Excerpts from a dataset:

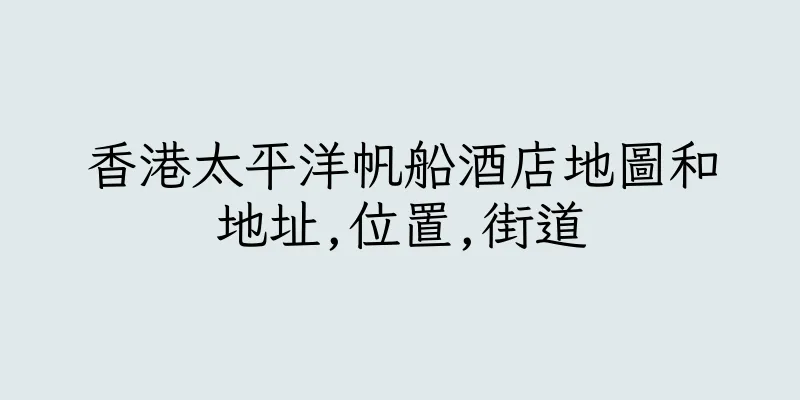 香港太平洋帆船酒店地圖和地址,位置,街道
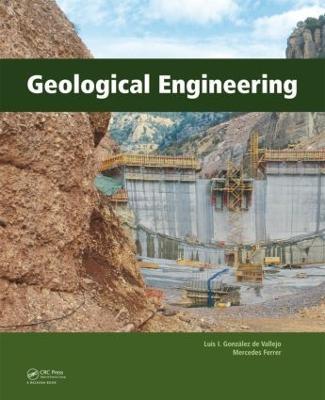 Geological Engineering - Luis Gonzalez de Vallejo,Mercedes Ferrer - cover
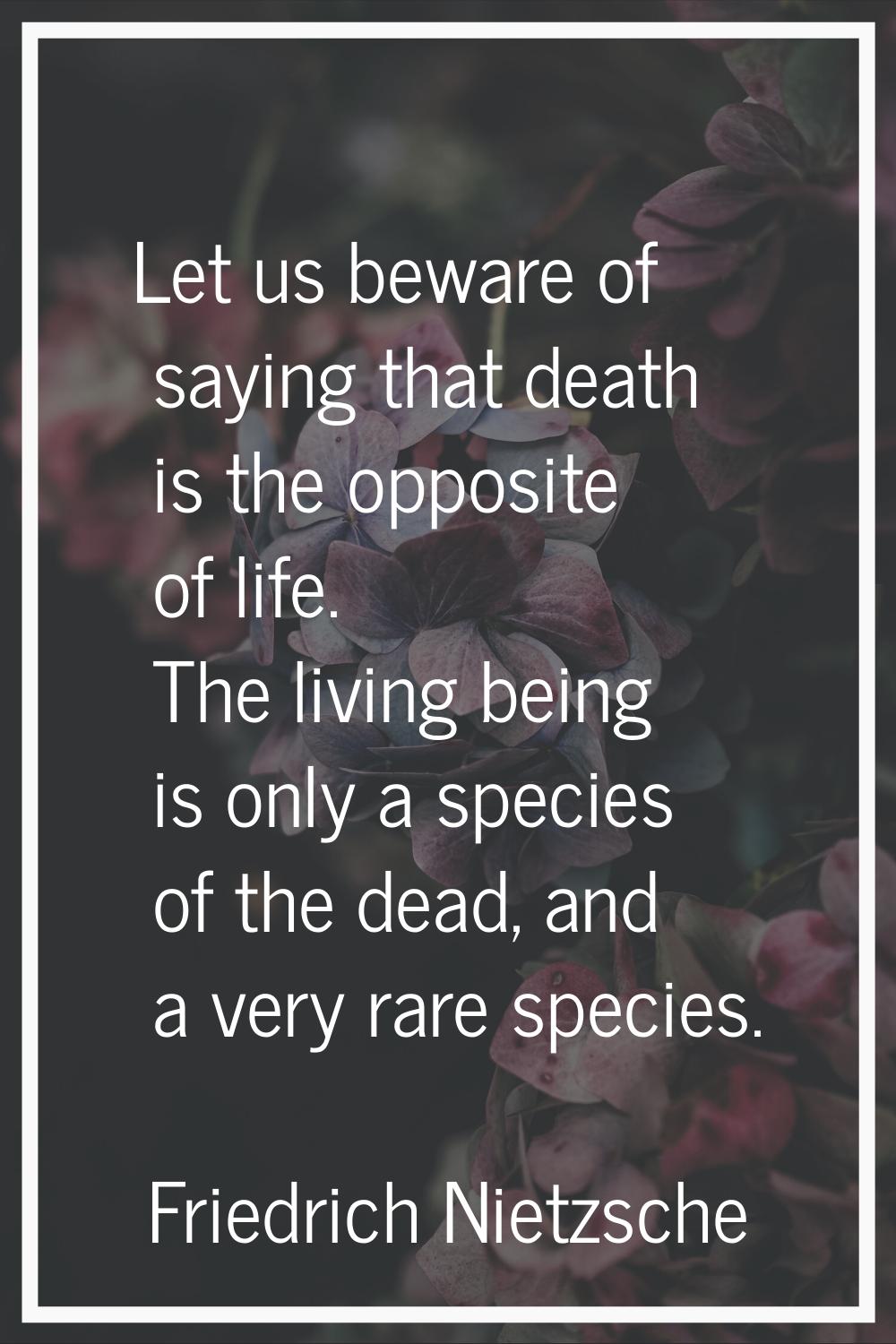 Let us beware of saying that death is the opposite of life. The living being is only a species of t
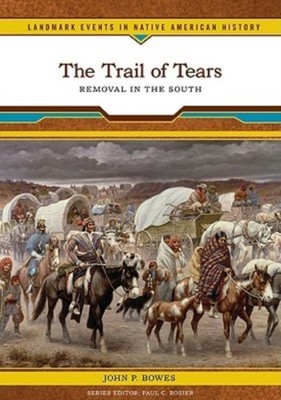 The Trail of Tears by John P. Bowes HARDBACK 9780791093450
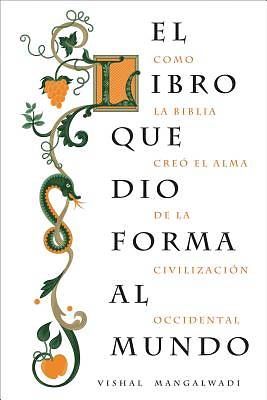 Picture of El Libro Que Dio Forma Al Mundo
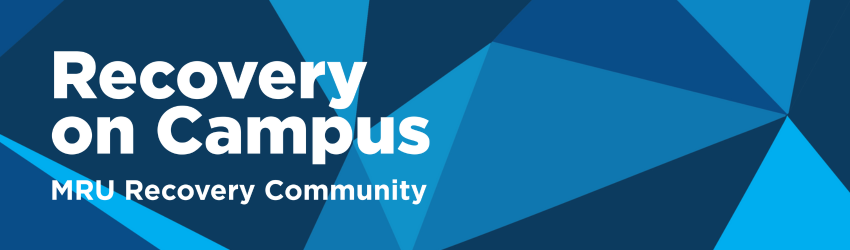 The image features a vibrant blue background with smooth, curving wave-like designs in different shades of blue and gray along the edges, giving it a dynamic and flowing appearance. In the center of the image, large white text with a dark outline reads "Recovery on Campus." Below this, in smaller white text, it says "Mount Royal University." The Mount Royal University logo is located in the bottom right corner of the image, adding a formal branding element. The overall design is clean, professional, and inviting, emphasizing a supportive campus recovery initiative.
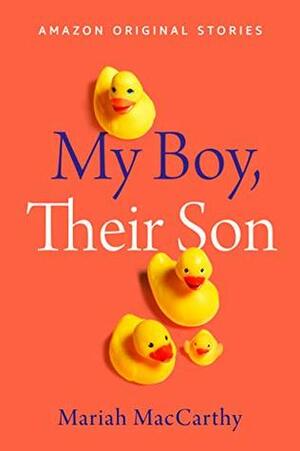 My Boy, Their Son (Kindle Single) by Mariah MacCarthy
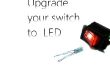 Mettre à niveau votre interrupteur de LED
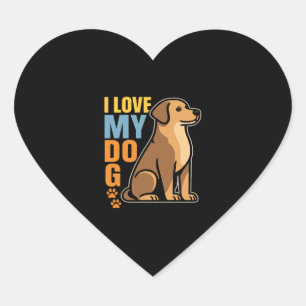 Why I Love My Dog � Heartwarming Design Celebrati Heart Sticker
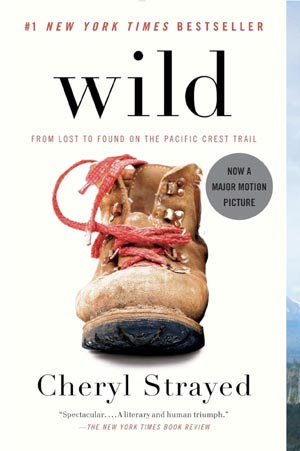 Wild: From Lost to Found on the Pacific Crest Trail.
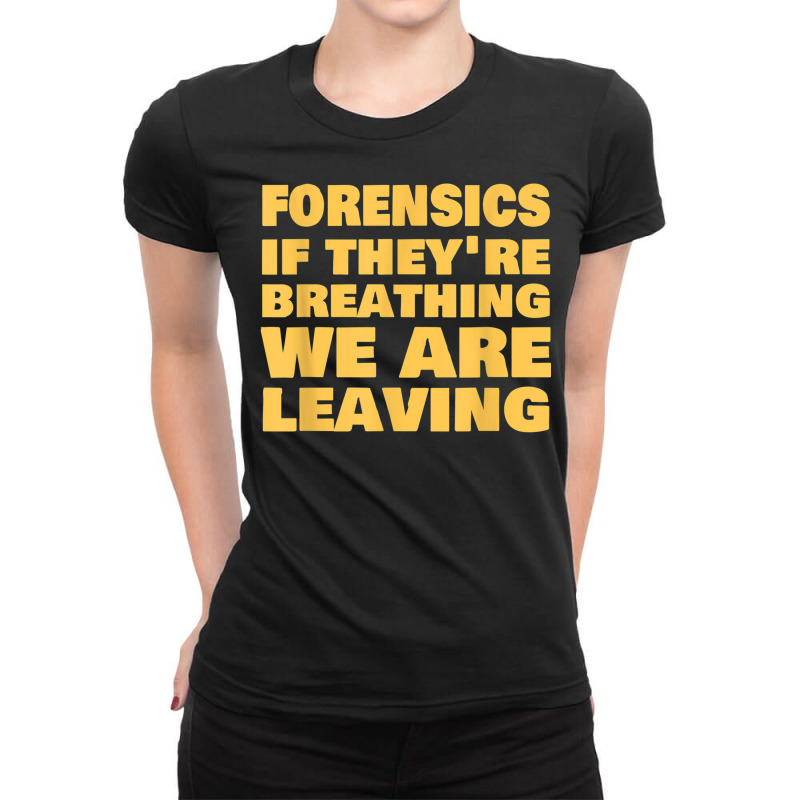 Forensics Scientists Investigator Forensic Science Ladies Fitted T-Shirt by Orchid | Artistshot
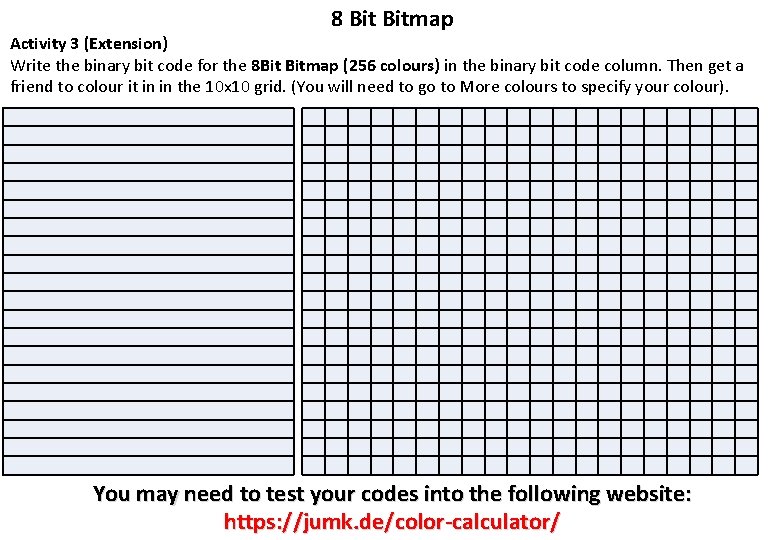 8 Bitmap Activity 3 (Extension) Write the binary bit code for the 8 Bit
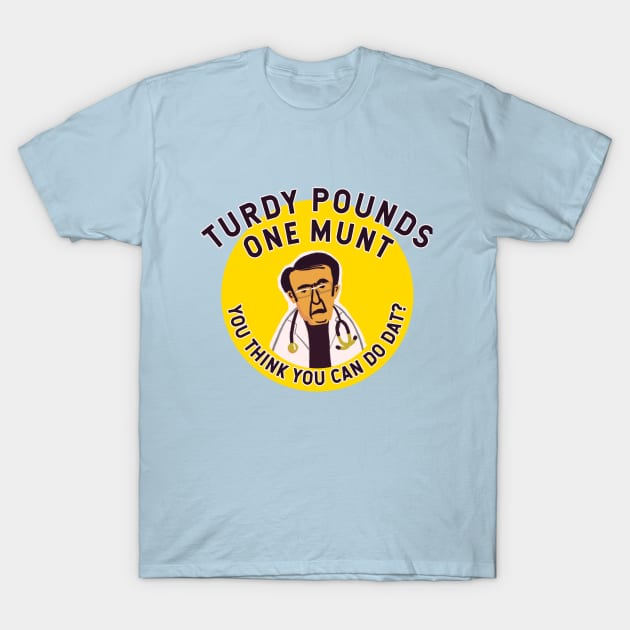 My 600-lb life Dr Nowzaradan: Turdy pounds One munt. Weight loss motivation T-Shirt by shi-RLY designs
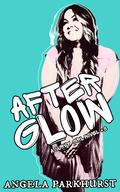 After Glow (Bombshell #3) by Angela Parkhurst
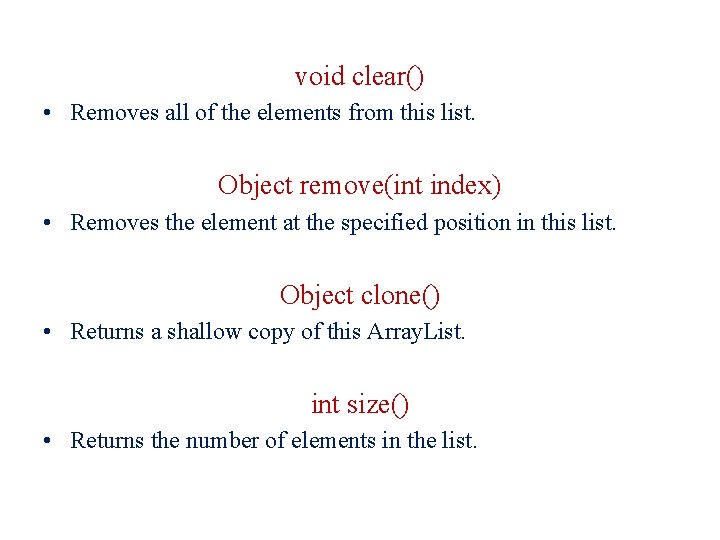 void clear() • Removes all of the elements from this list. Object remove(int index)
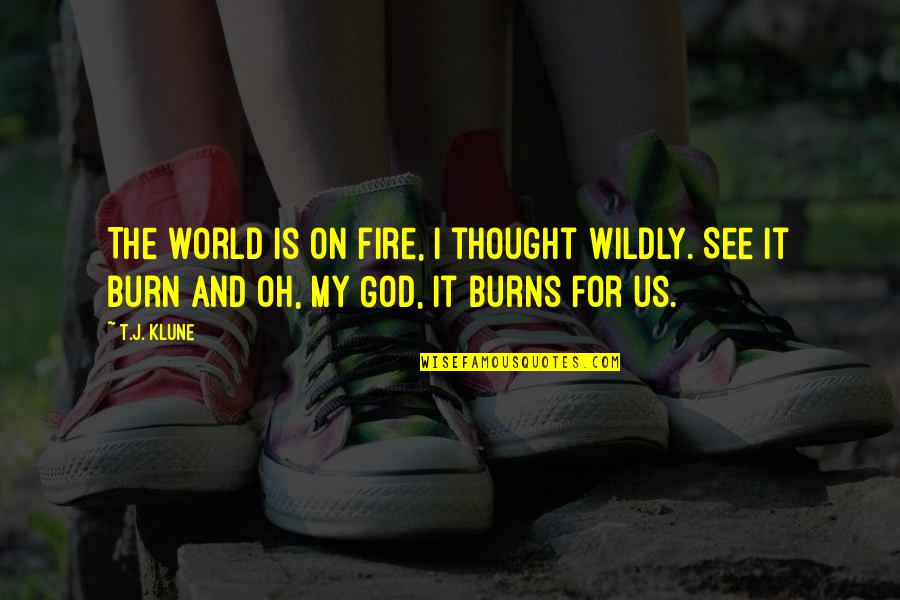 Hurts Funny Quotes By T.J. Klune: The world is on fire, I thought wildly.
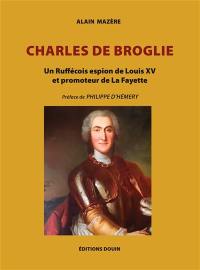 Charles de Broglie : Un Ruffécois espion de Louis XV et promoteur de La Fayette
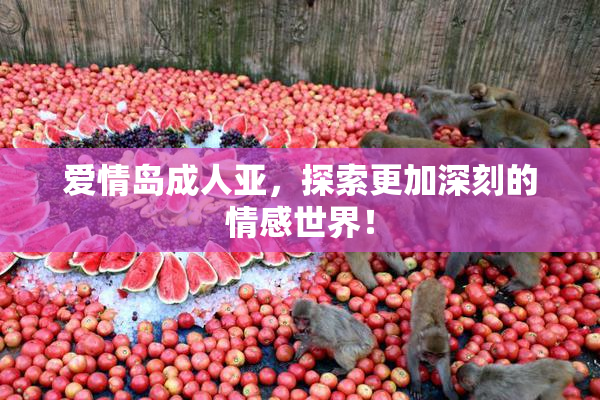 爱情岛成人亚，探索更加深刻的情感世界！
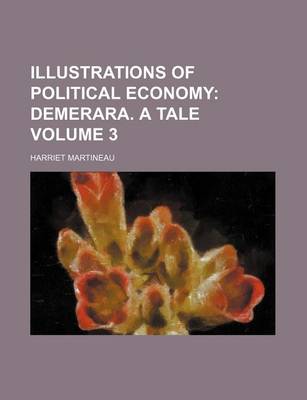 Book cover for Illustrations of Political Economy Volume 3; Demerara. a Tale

■ **Exercise**: Where a picture appears in the records above, omit it, and transcribe exactly the stretch of lines from the one with "Let us beware" through the one with "Picture of El Libro Que Dio Forma Al Mundo".

■ **Solved exercise**:
 Let us beware of saying that death is the opposite of life. The living being is only a species of t
 The Trail of Tears by John P. Bowes HARDBACK 9780791093450
 Picture of El Libro Que Dio Forma Al Mundo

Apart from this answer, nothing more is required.